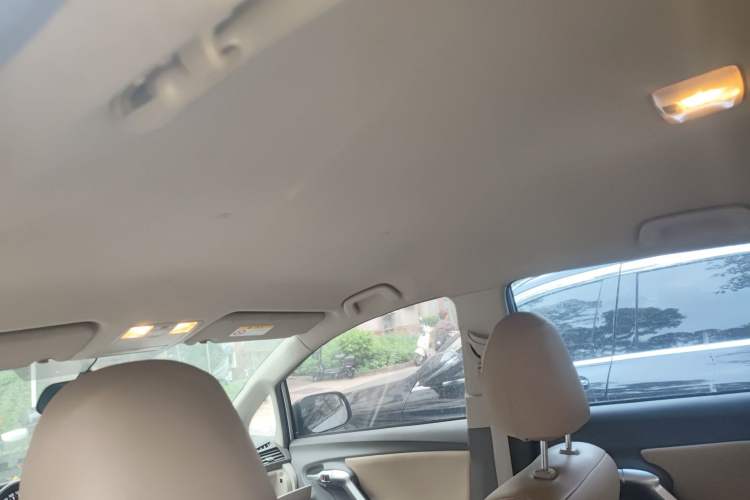 Used Toyota Verso 2014 Starlight 180E CVT Elite Edition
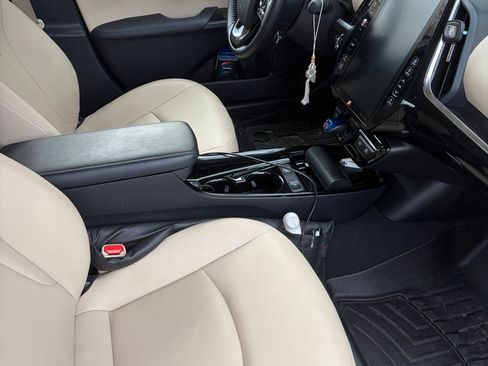 Used 2019 Toyota Prius Limited image 10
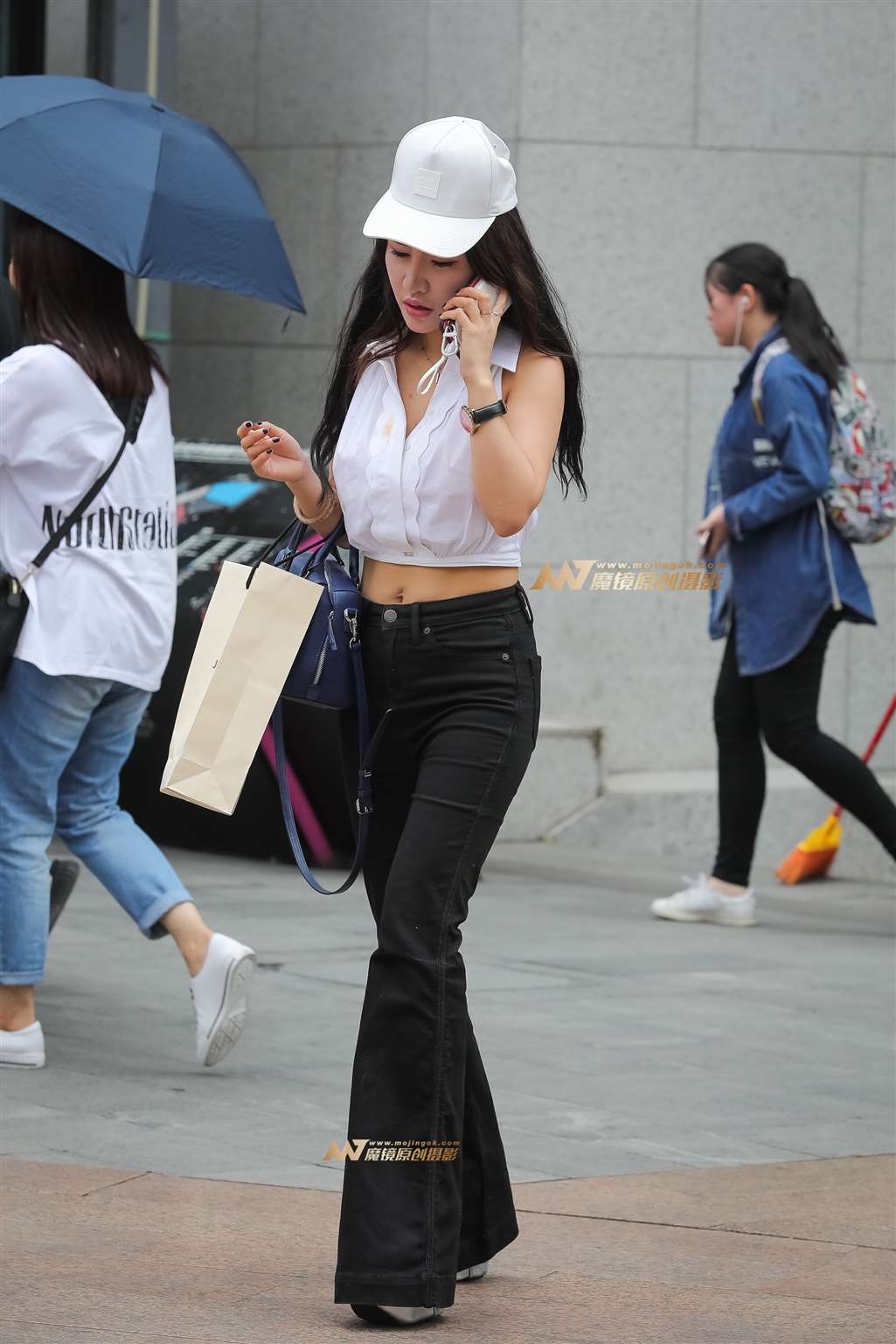 图片[3]-长腿牛仔高颜值美女 让人陶醉!-街拍流行馆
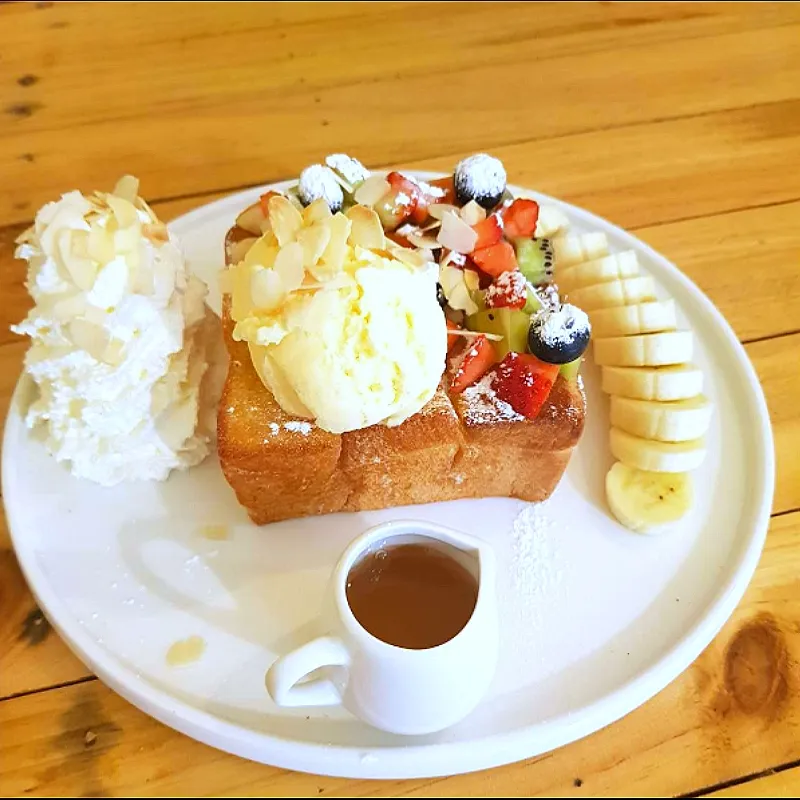 honey toast with mixed fruits🍞🍓🥝🍌🫐|patlovestocookさん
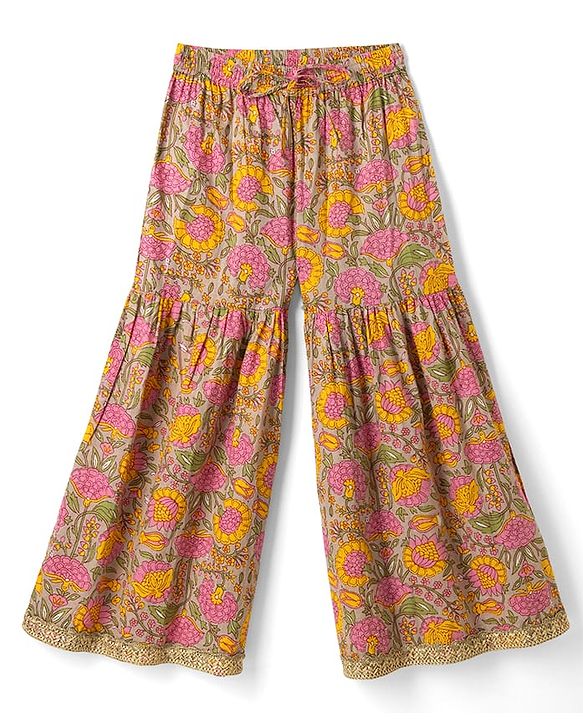 Pine Kids 100% Cotton Woven 3/4th Sleeves Kurti & Pat Set With Dupatta & Floral Print in Beige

▬▬▬▬▬▬

TASK GOAL
Reproduce the lines above exactly, please, but not the pictures in them.

RESPONSE AREA
 Used Toyota Verso 2014 Starlight 180E CVT Elite Edition
 Used 2019 Toyota Prius Limited image 10
 图片[3]-长腿牛仔高颜值美女 让人陶醉!-街拍流行馆
 honey toast with mixed fruits🍞🍓🥝🍌🫐|patlovestocookさん
 Pine Kids 100% Cotton Woven 3/4th Sleeves Kurti & Pat Set With Dupatta & Floral Print in Beige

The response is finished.